By common consent the tenth Australian Team formed the strongest combination that had come from the Colonies since the great side captained by Mr. W. L. Murdoch in 1882. Looking at their records as a whole, it might be argued that this is too high an estimate, but personally I regard it as not in any way beyond the truth. The prestige of the team suffered a good deal during August from the large number of unfinished matches, and forgetting the brilliant things that had been done during the first two months or so of the tour some good judges were inclined at the end of the season to rate the players at less than their true value. That at least was the impression left on my mind by comments that appeared in somewhat influential quarters. The strain of playing day after day for four months on hard wickets naturally produced some degree of staleness, and in gauging the real merit of the eleven I attach most weight to the cricket shown up to the third meeting with England at Manchester on the 17th of July. That match, though it ended in a draw, marked a very sharp change in the fortunes of the team.

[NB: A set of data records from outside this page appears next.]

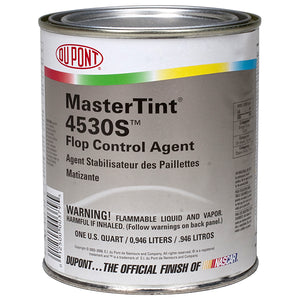 QUART DuPont cromax axalta Master Tint 4530S Flop Control Agent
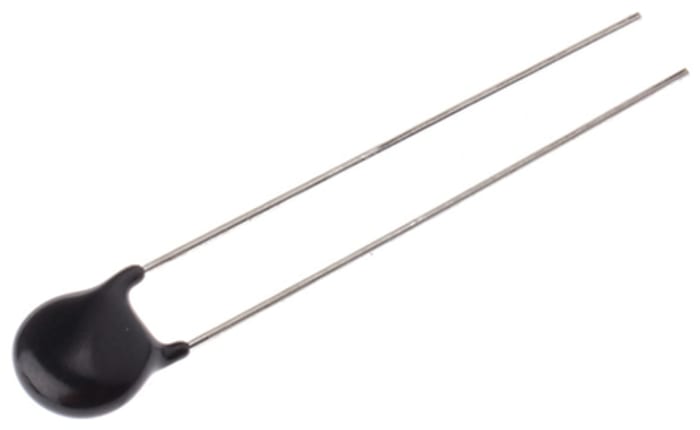 Panasonic, V Surge Absorber 1.5nF 2.5A, Clamping 110V, Varistor 56V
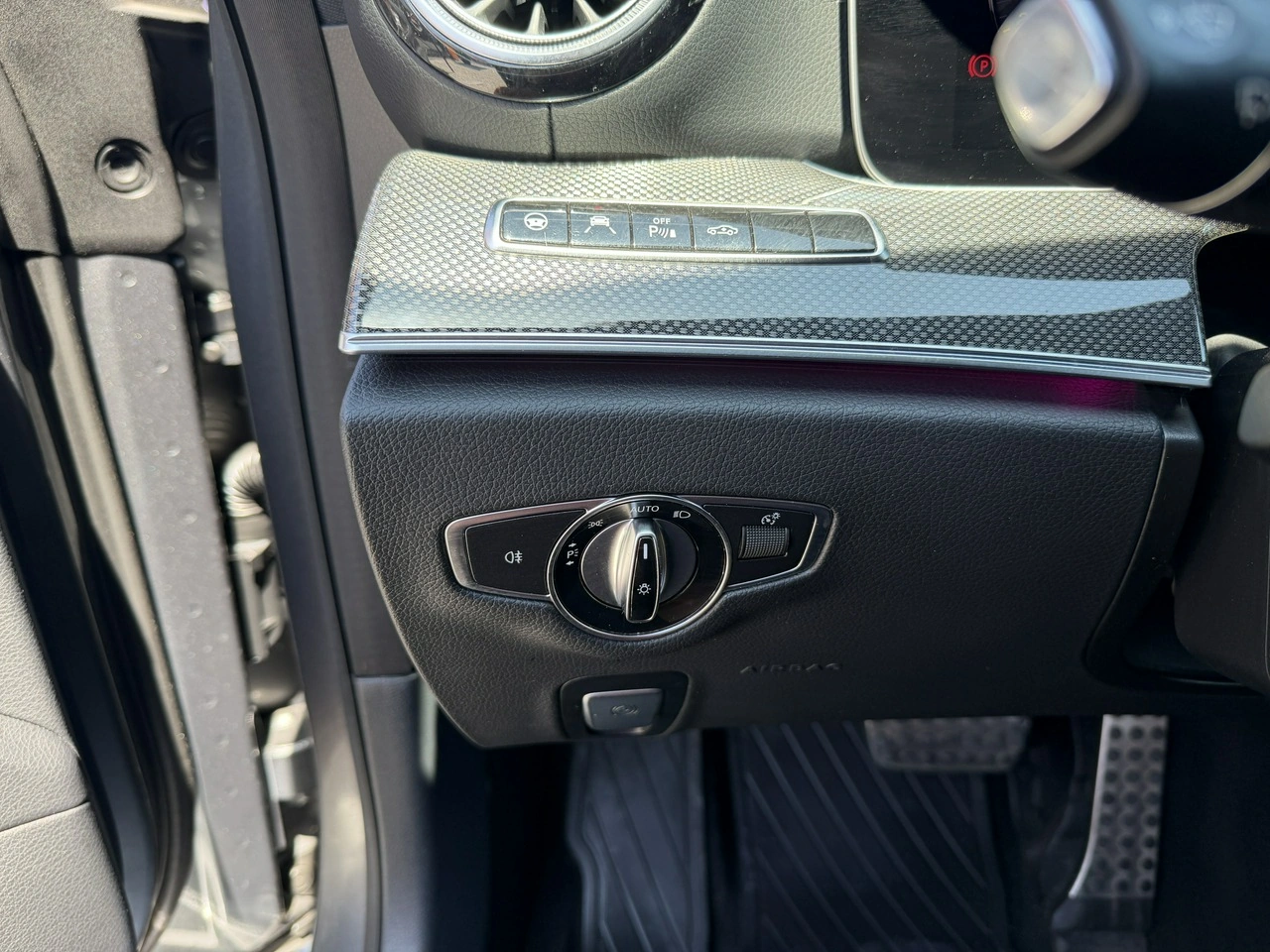 Mercedes CLS 53 AMG - Zdjęcie 12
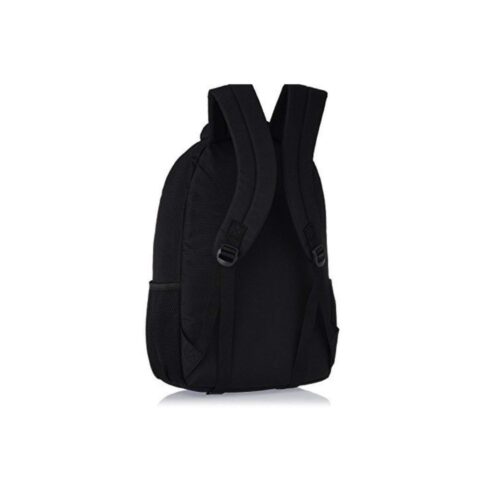 backpack back view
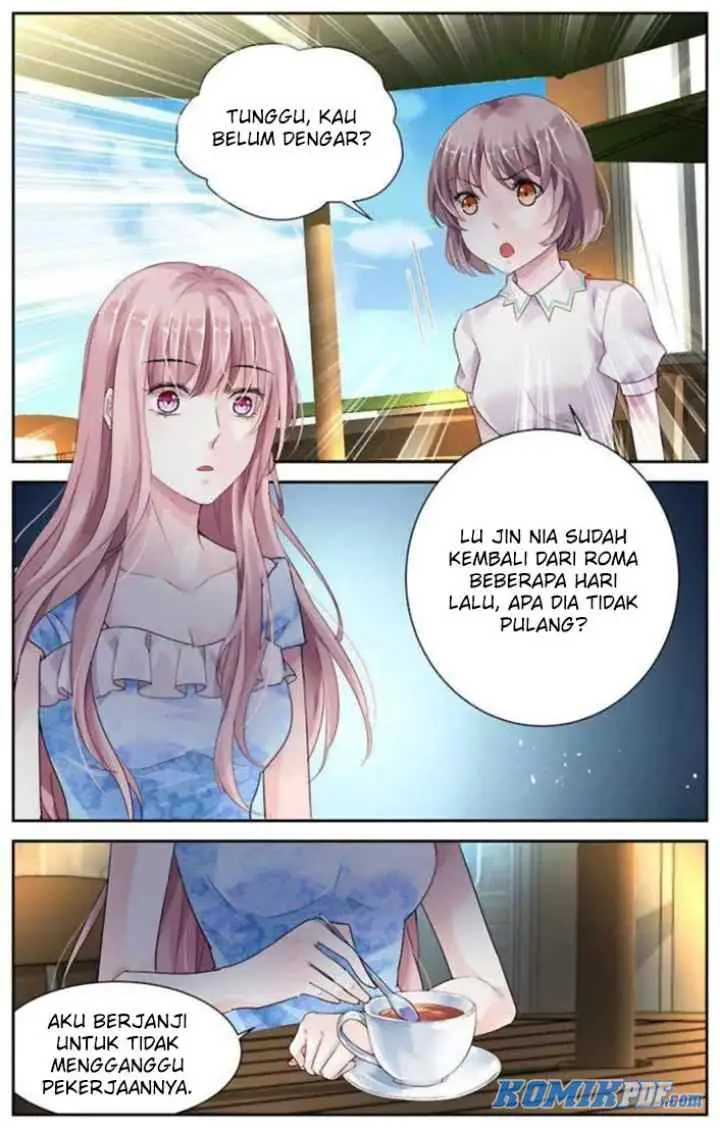 Guomin Laogong Dai Huijia chapter 22 halaman 4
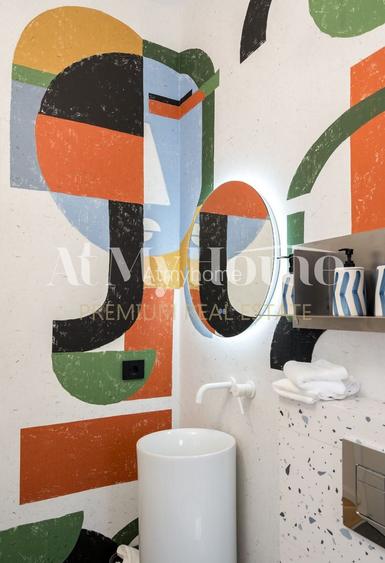 APARTAMENT DESIGN 2 CAMERE//IANCU NICOLAE - 12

When they went into the field at Old Trafford, Darling and his colleagues had a truly wonderful record. They had played 20 matches of which they had won 12, lost only one and left seven unfinished. Even these figures, however, remarkable as they look, scarcely slowed to the full extent what the team had accomplished, for in not one of the drawn matches had the Australians the worst of the position. Indeed, in every case except the Whit-Monday match with Yorkshire, in which the rain admitted of little progress being made, they would have won readily enough if another day had been available for cricket. After the match at Manchester the Australians only gained four victories, and, as during the same time they were twice beaten, their general record suffered very seriously. In all - playing two matches a week for 17 weeks, and finishing up in the first half of the Hastings Festival - they took part in 35 matches, of which they won 16, lost 3 and left 16 drawn. The number of defeats was smaller than in the case of any previous team from Australia, but on the other hand the number of drawn games had never been exceeded except during the tour of 1886. The fine weather and splendid wickets had, of course, much to do with matches being left unfinished, but another cause could be found in the methods of play adopted. While expressing my firm conviction that the team were stronger than any that had come to this country for 17 years, I have no intension of instituting a close comparison with the great eleven of 1882. The conditions during the two years were indeed so different as to render a fair comparison almost impossible. The summer of 1882 had not, in the amount of sunshine, been equalled in England for just over 30 years.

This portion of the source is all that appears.